President Trump‘s proposed budget could hammer the DC economy: “The cuts Trump plans to propose this week are also expected to lead to layoffs among federal workers, changes that would be felt sharply in the Washington area,” Damian Paletta wrote in the Washington Post. Moody’s Analytics economist Mark Zandi told Paletta the budget cuts, if enacted, would cause a local recession: “the reductions outlined so far by Trump’s advisers would reduce employment in the region by 1.8 percent and personal income by 3.5 percent, and lower home prices by 1.9 percent.”
Wrecking one of the nation’s best economies might really pump up resentful Trump voters in Real America and the DC-hating members of Congress who keep asking voters to send them back here. But the plan might have another benefit for Trump: A DC-area recession could conceivably take a chunk out of the press corps he despises, obsesses over, and craves.
Unfortunately, if this is Trump’s diabolical scheme, it will probably land on the wrong targets. A 2001 study by Robert G. Picard found that “advertising expenditures are typically a leading indicator, moving downward before the economy as a whole is affected.” The media meltdown that accompanied the Great Recession can’t be laid entirely at the door of car dealers and futon-store owners getting cold feet, because the housing crash happened around the same time that advertisers found cheaper ways to reach customers than print ads. To cite just one form of advertising, in 2009, Kris Dodd of the Chicago Reader told me that during the alt-weekly’s glory days, “You could buy a Lamborghini a week for what we made in classifieds.” After Craigslist and other free-classifieds options arrived, not so much.

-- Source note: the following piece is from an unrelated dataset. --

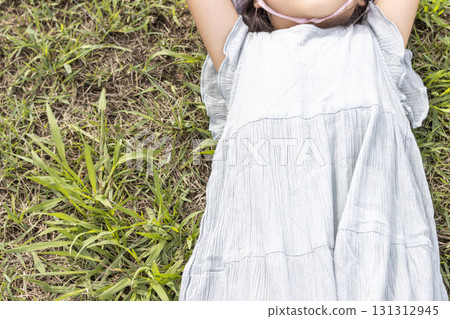 Girl lying on the grass (Japanese, 5 years old, faceless) Girl lying on the grass (Japanese, 5 years old, faceless) 131312945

There’s little doubt the downturn had some effect on those of us who work in the dishonest media. Just maybe not so much on those of us who work in TV, the president’s preferred delivery system for news. Picard’s study found that in previous downturns print media fared far worse than television: Advertising spending went down an average of 16 percent at magazines and newspapers during recession years; in TV it declined about 4 percent. Those figures aggregated data from national markets, though; it’s unlikely a local downturn would affect a international property like CNN that much.
The Washington Post, ostensibly a local publication, might not suffer either. It’s building a promising business selling content-management services to other publishers, reports that it’s profitable, and even if it wasn’t, its owner, Jeff Bezos, could paper over many years’ worth of losses without even feeling the merest pinch.
But smaller print publications, like the one you’re reading, may be hurt by Trump tanking the DC-area economy. (Terrible idea! Bad! Would you like to see a photo of my kids?) A downturn could knock local TV around, too. But Trump actually digs local TV. And there’s the inconvenient fact that the last few times a president tried to shrink the government, the DC area’s economy improved as, among other factors, contractors ended up performing the same work for greater costs.
Really, if he’s going to subscribe to my conspiracy theory and take down the media, the president will have no choice but to wreck the economy of the entire United States. Since CNN makes more from subscriptions than advertising, and international revenue was a bright spot in Time Warner’s year-end earnings report for 2016, he’ll probably want to wreck the world’s economy as well, just to make sure the message gets delivered.